The letter, from July 2020, provided VTC companies with some guiding principles to address key privacy risks and also invited five of the biggest VTC companies to reply, with Microsoft, Google, Cisco and Zoom all taking the opportunity to detail the how they will integrate their principles in the design and development of their VTC services. Following a review of the responses, the joint signatories further engaged with these companies to better understand the steps they take to implement, monitor, and validate the privacy and security measures put in place.

The ICO were co-signatures of the letter along with the data protection and privacy authorities from Australia, Canada, Gibraltar, Hong Kong SAR, China and Switzerland.
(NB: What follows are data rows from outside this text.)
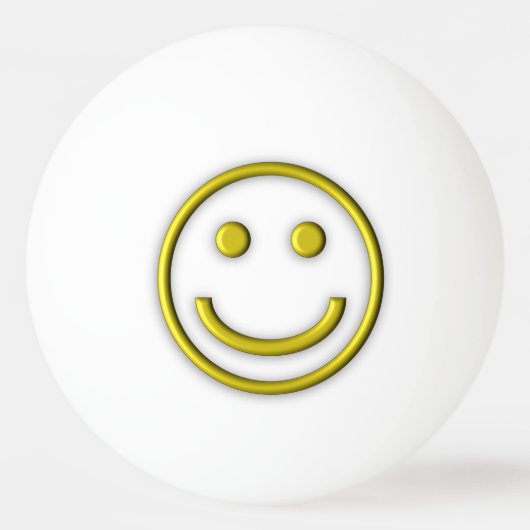 Yellow Face One Star Ping Pong Ball (Voorkant)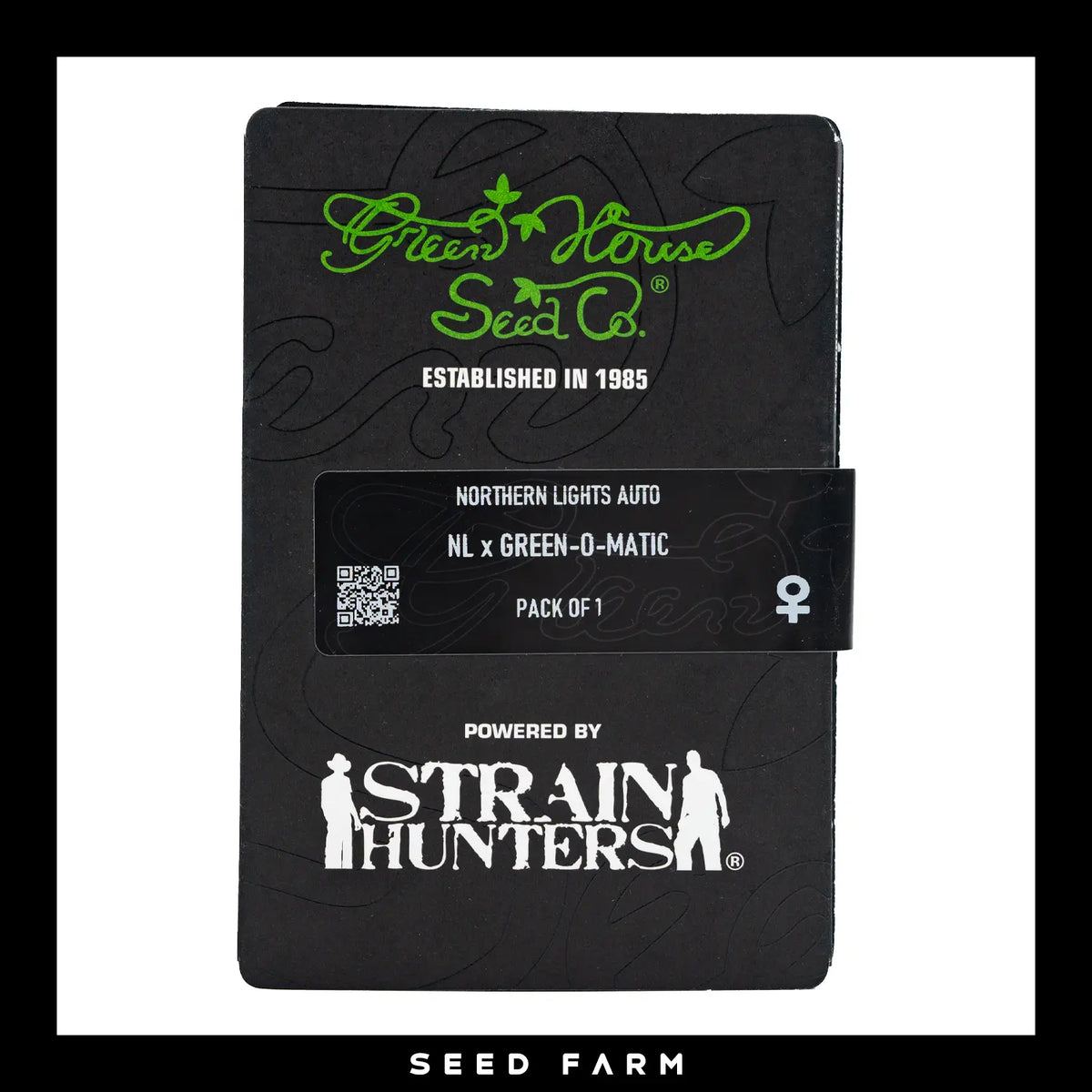Green House Seed, Northern Lights, automatische Cannabis Samen, Vorderansicht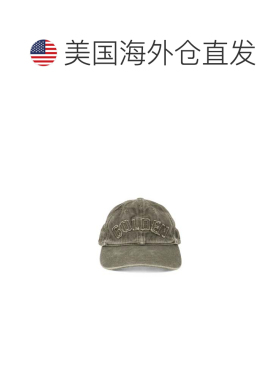自营golden goose绿色棉质棒球帽-棕色 美国奥莱直发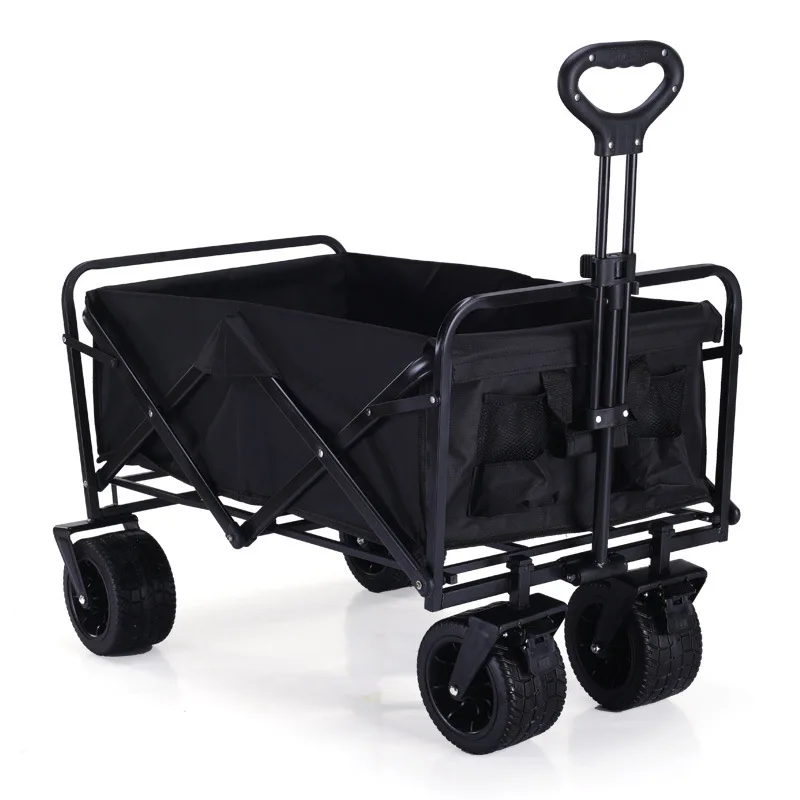 Outdoor multi-function camper folding trolley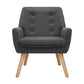 Audene Armchair Linen Fabric - Charcoal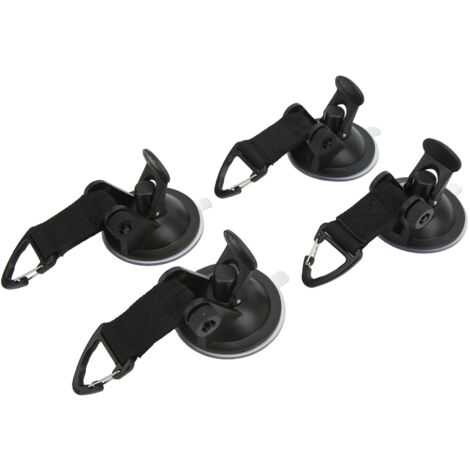 4 Ventouses Fortes pour Tente de Voiture, Grande Puissance d'Adhérence Portable pour Camping et Randonnée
European Commission issues joint statement on the EU-Japan mutual adequacy arrangement

The European Commission, EU data protection authorities, the Personal Information Protection Commission of Japan (PPC) and other relevant Japanese authorities have conducted the first review of the EU-Japan mutual adequacy arrangement.

The review on the agreement, that was put in place in 2019, covers all aspects of the functioning of the adequacy decisions and also provides the opportunity to share information and experience on issues of common interest. The European Commission and PPC will conclude the review process by publishing separate reports on the functioning of their respective adequacy decisions.

Norwegian DPA issues multiple fines for GDPR breaches

The Norwegian Data Protection Authority (Norwegian DPA) has issued a series of fines to companies for breach of the General Data Protection Regulation (GDPR):

  • Waxing Palace AS: Waxing Palace has been fined €10,000 after a complaint relating to the CCTV monitoring of the reception areas of a salon premises. The Norwegian DPA found that the CCTV monitoring was in breach of the GDPR as the company did not satisfactorily inform visitors or employees of its CCTV monitoring.
  • St. Olavs Hospital: St. Olavs Hospital has been fined due to a lack of access management concerning folder areas outside patient records. The Norwegian DPA found that the folders were, in principle, accessible to all authorised users within the Central Norway Regional Health Authority, which constituted a breach of the requirements regarding personal data security in Article 32 cf. article 24 of the GDPR.
  • Høylandet Municipal Council: Høylandet Municipal Council has been fined €41,000 after the Norwegian DPA found that it has breached GDPR for fundamental internal deficiencies in its access management. The Norwegian DPA found that image files containing health data about people with no connection to the municipality were accessible to staff at the health clinic.
  • Ultra-Technology AS: Ultra-Technology has been fined €12,500 following a complaint by a private individual who had undergone a credit assessment without any form of customer relationship or other connection to the company. The Norwegian DPA ruled that this was in violation of GDRP and, alongside the fine, ordered the company to prepare written routines for credit ratings in accordance with Article 24.

EDPB adopts Guidelines on restrictions of data subject rights

The European Data Protection Board (EDPB) has adopted a final version of the Guidelines on restrictions of data subject rights under Art. 23 GDPR. The guidelines:

  • aim to recall the conditions surrounding the use of such restrictions by Member States or the EU legislator in light of the Charter of Fundamental Rights and the GDPR;
  • provide details on the criteria to apply restrictions, the assessments that need to be observed, how data subjects can exercise their rights after the restrictions are lifted, and the consequences of infringements of Art. 23 GDPR; and
  • analyse how the legislative measures setting out the restrictions need to meet the foreseeability requirement and examine the grounds for the restrictions listed by Art. 23(1) GDPR, and the obligations and rights which may be restricted.

The final version was adopted during the EDPB's October plenary following public consultation.